▸ Caption-style text data:
==============================

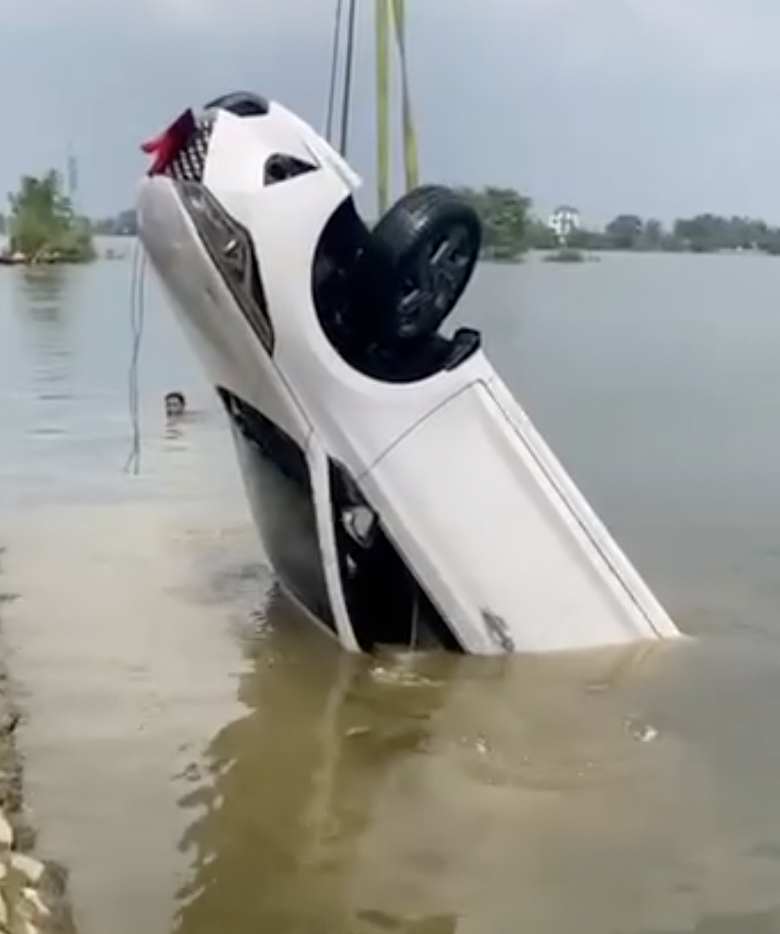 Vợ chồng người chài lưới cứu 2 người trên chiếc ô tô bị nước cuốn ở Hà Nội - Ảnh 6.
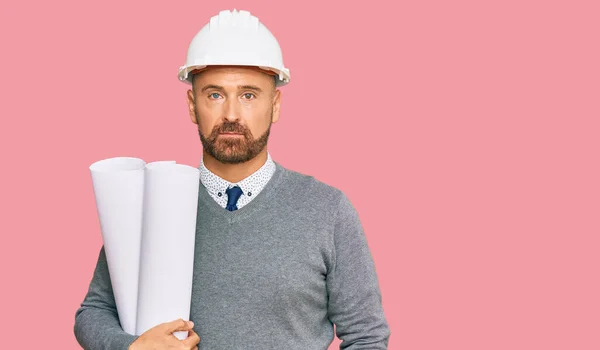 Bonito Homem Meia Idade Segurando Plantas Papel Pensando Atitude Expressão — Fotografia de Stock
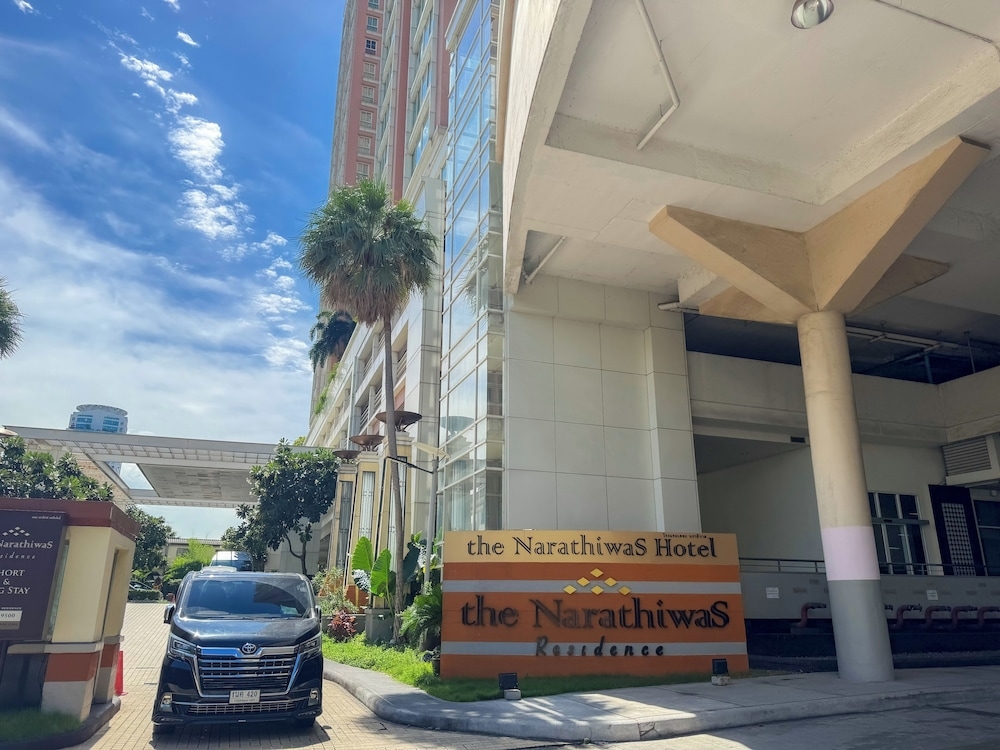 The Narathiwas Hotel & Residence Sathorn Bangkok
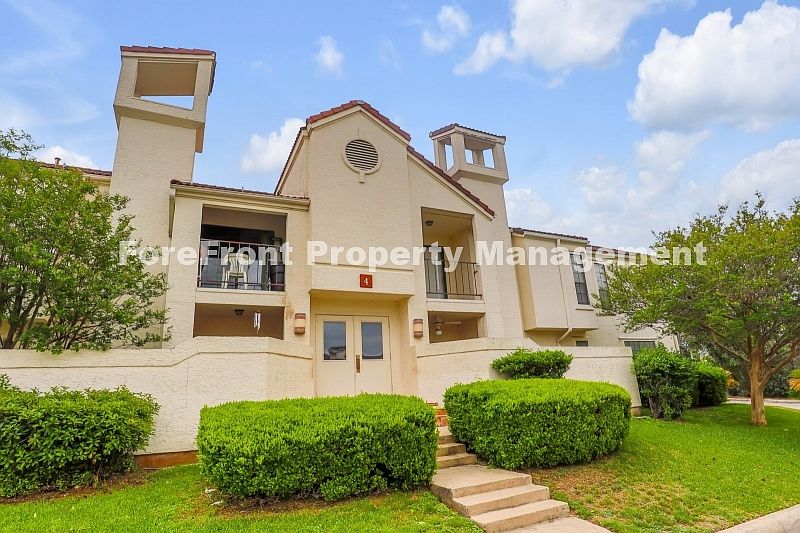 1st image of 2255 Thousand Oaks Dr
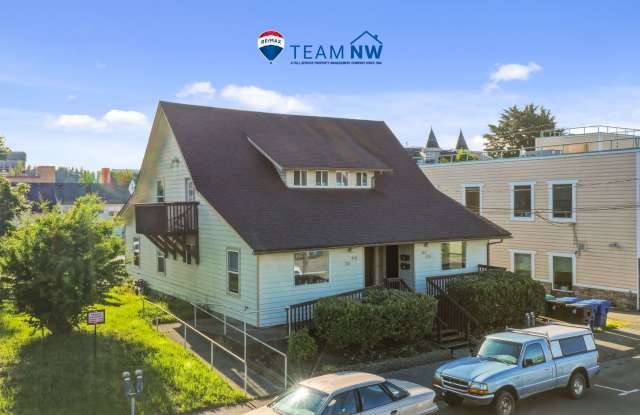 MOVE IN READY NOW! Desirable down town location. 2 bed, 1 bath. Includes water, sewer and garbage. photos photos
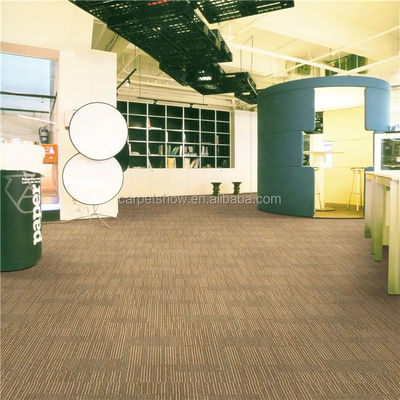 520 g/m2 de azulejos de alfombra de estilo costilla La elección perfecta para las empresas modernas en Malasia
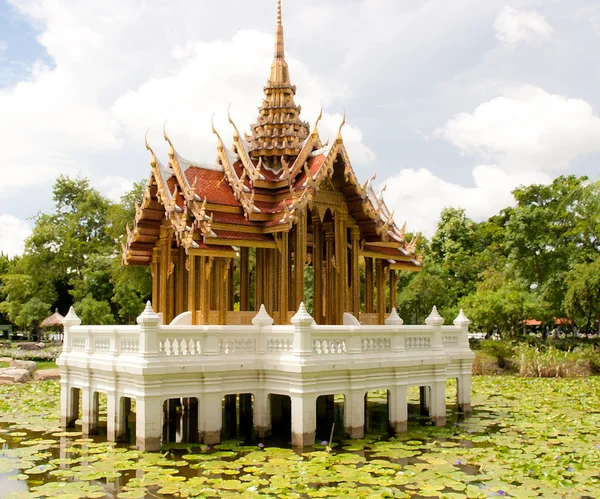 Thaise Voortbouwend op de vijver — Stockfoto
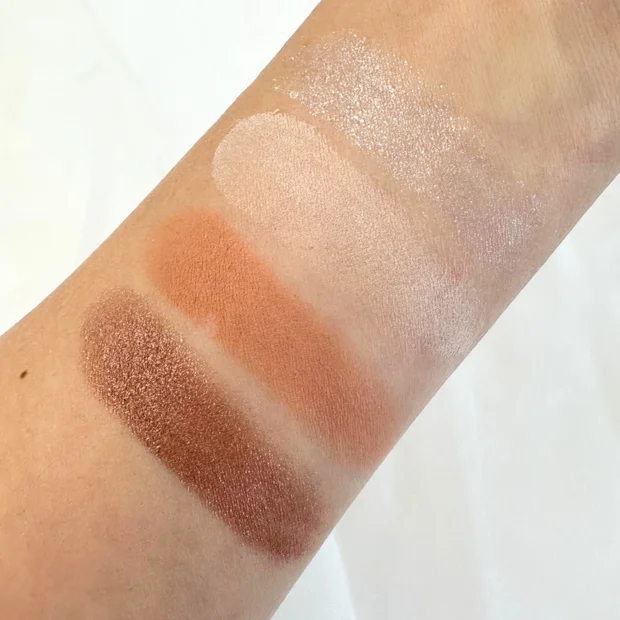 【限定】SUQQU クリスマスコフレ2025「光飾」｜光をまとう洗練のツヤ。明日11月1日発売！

==============================

▸ About this task:
Could you copy, exactly and with no pictures, each line from the first one above to the line holding "MOVE IN READY"?

▸ Solved problem:
 Vợ chồng người chài lưới cứu 2 người trên chiếc ô tô bị nước cuốn ở Hà Nội - Ảnh 6.
 Bonito Homem Meia Idade Segurando Plantas Papel Pensando Atitude Expressão — Fotografia de Stock
 The Narathiwas Hotel & Residence Sathorn Bangkok
 1st image of 2255 Thousand Oaks Dr
 MOVE IN READY NOW! Desirable down town location. 2 bed, 1 bath. Includes water, sewer and garbage. photos photos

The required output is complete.